Temporal Changes in the Oxyhemoglobin Dissociation Curve of Critically Ill COVID-19 Patients

J. Clin. Med. 2022, 11(3), 788; https://doi.org/10.3390/jcm11030788
by Samuele Ceruti 1,*,†, Bruno Minotti 2,†, Andrea Glotta 1, Maira Biggiogero 3, Giovanni Bona 3, Martino Marzano 4, Pietro Greco 5, Marco Spagnoletti 5, Christian Garzoni 4,‡ and Karim Bendjelid 6,‡
Reviewer 1: Anonymous
Reviewer 2:
J. Clin. Med. 2022, 11(3), 788; https://doi.org/10.3390/jcm11030788
Submission received: 2 December 2021 / Revised: 30 January 2022 / Accepted: 30 January 2022 / Published: 31 January 2022
(This article belongs to the Section Emergency Medicine)

Round 1

Reviewer 1 Report

Thank you for the modified manuscript.

I have 2 minor comments:

Abstract : twice the same sentence at the end

Page 2 line 83: choose between observed and demonstrated

Author Response

We thank the reviewer for these suggestions. We’ve modified the text according to these indications, removing the duplicate sentence at the end of the abstract and removing “demonstrated” that was a typo from a previous revision. Moreover, we performed a minor spell check as suggested.
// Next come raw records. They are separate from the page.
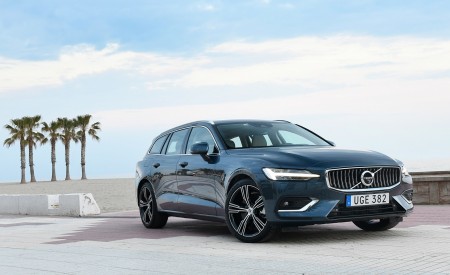 2019 Volvo V60 Front Three-Quarter Wallpapers 450x275 (12)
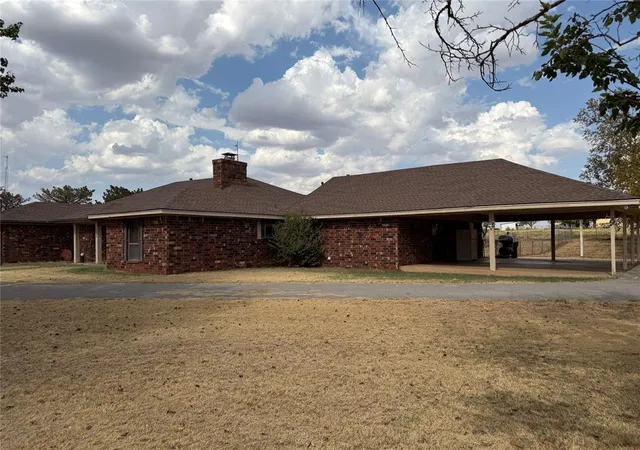 4th image of 10066 N 2263 Rd, Clinton, OK 73601 | MLS# 1245008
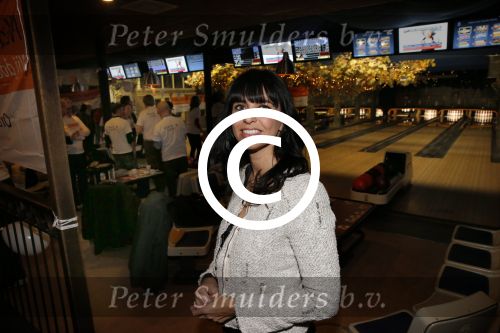 Utrecht 15 maart 2013
Prins van Oranje en Prinses Mï¿½xima gingen vanmorgen bowlen met bezoekers en vrijwilligers van het Catharijnehuis, Stichting Dagopvang Utrecht. Het Catharijnehuis biedt een ontmoetingsplaats voor dak- en thuislozen. Hier kunnen zij, met behulp van persoonlijke en praktische ondersteuning, in dagelijkse levensbehoeften voorzien en ingangen voor verdere hulpverlening vinden. De dienstverlening wordt voornamelijk geleverd door vrijwilligers. Sandra Schuurhof
Peter Smulders bv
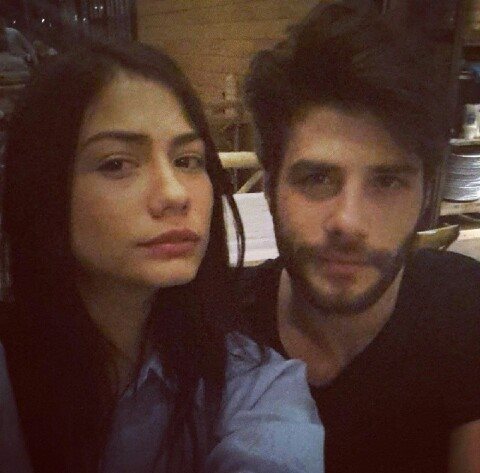 DEMET ÖZDEMİR İMZA GÜNÜ YAPSIN
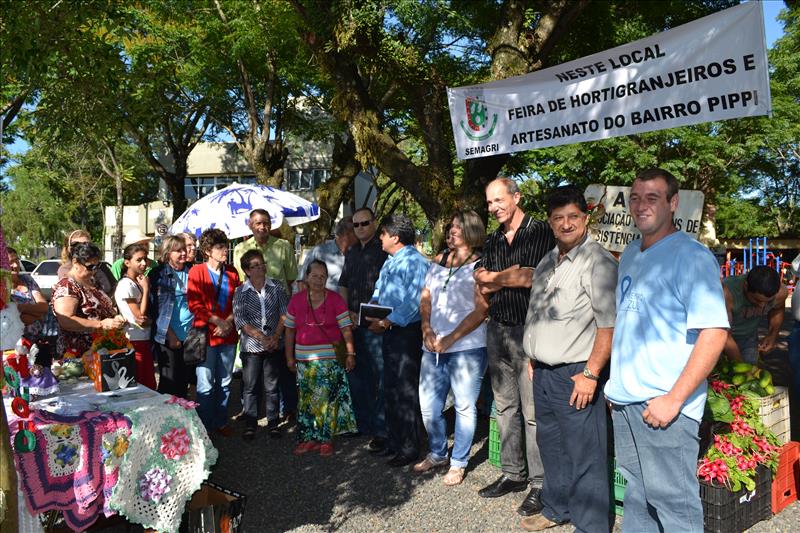 Inaugurada feira no bairro Pippi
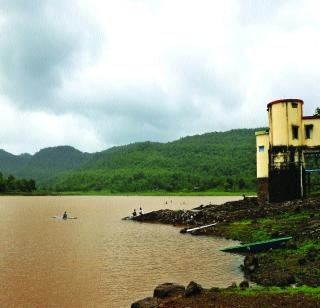 There is no increase in water storage in the canal dam dam | उसगाव धरणात पाणी साठ्यात वाढ नाही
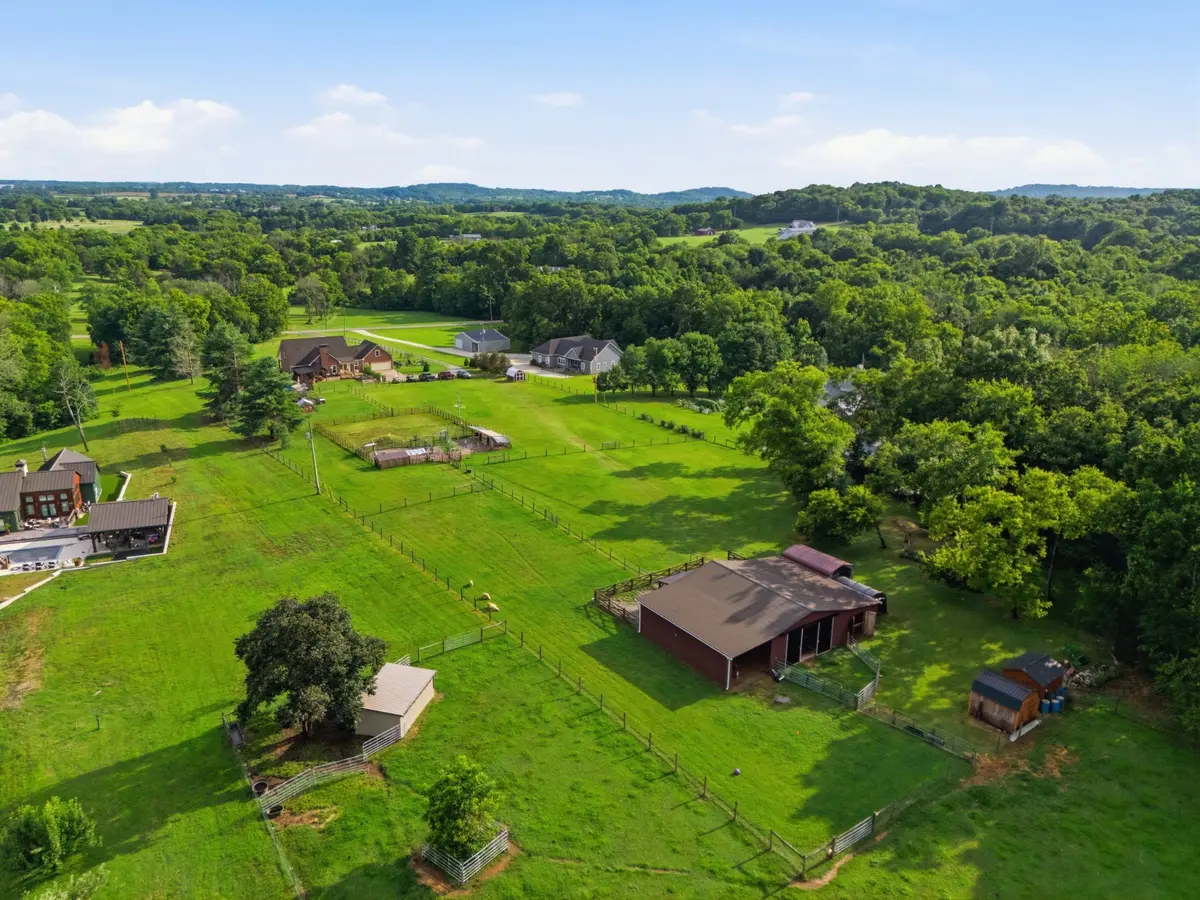 1038 Kansas Lane, Gallatin, TN 37066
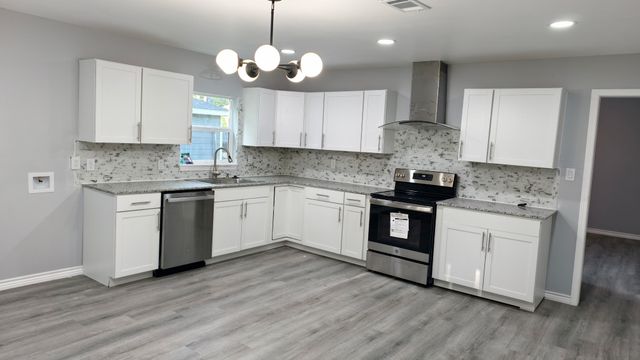 408 S Santa Fe Street, Wolfe City, TX 75496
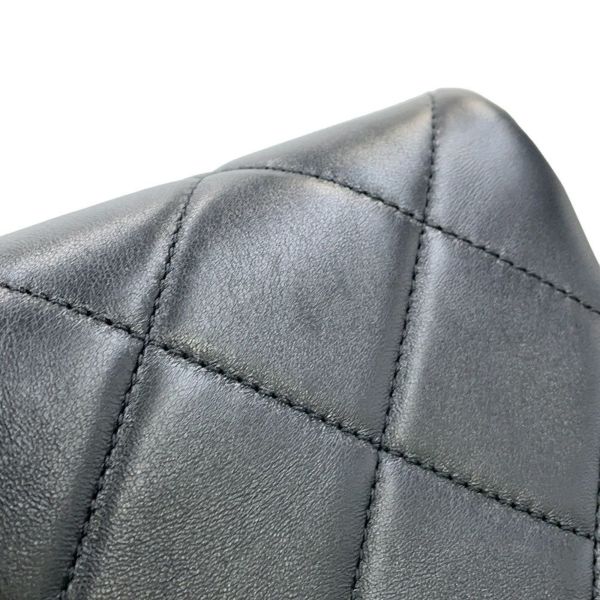シャネル チェーンショルダーバッグ マトラッセ ココマーク スモール フラップバッグ ラムスキン AS5174 CHANEL 黒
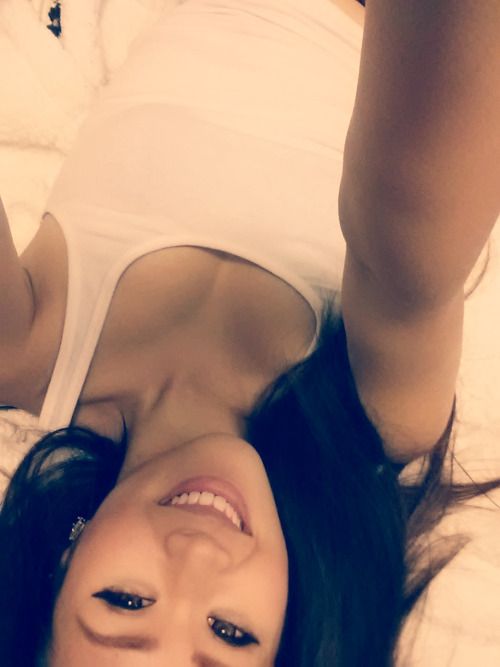 phanyialo:Just chilling…  lol Bigboobs, Toket Gede, Tetek...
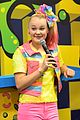jojo siwa keeps it coloful while hanging with fans at vidcon 2018 14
Author Response File: Author Response.pdf

Reviewer 2 Report

After reviewing the current version of the manuscript, in which the authors have taken into account the comments and suggestions of previous reviewers.

Author Response

We thank the reviewer to appreciate our revision, which has been performed in agreement with the received suggestions.

Author Response File: Author Response.pdf

 

This manuscript is a resubmission of an earlier submission. The following is a list of the peer review reports and author responses from that submission.

Round 1

Reviewer 1 Report

Ceruti et al described temporal evolution of p50 ODC in critically ill and ventilated COVID patients, comparing early (3 first days) and late (3 last days) p50.

I don’t have access to the supplementary materials?, please provide them, I cannot conclude my review before to see them.

Abstract:

explain what p50 is

Correct “p50 evolution over time was reported” instead of “were”

Typology: suppress italic in the abstract

“Temporal evolution …. supports the role of SARS-CoV-2 as an effector involved in the allosteric modulation…”: can we really conclude that with the results of this study?

Key words: suppress dyspnea blood (dyspnea is a subjective clinical sign) and hypoxia blood (hypoxemia?)

Viral pneumonia instead of pneumonia viral

The manuscript requires editing by a native English speaker

Introduction:

Page 2 line 67 and 71: Homogenize references into brackets ( ) or [ ]

Material and methods:

Page 3 line 101 102: suppress “and analyzed which were obtained”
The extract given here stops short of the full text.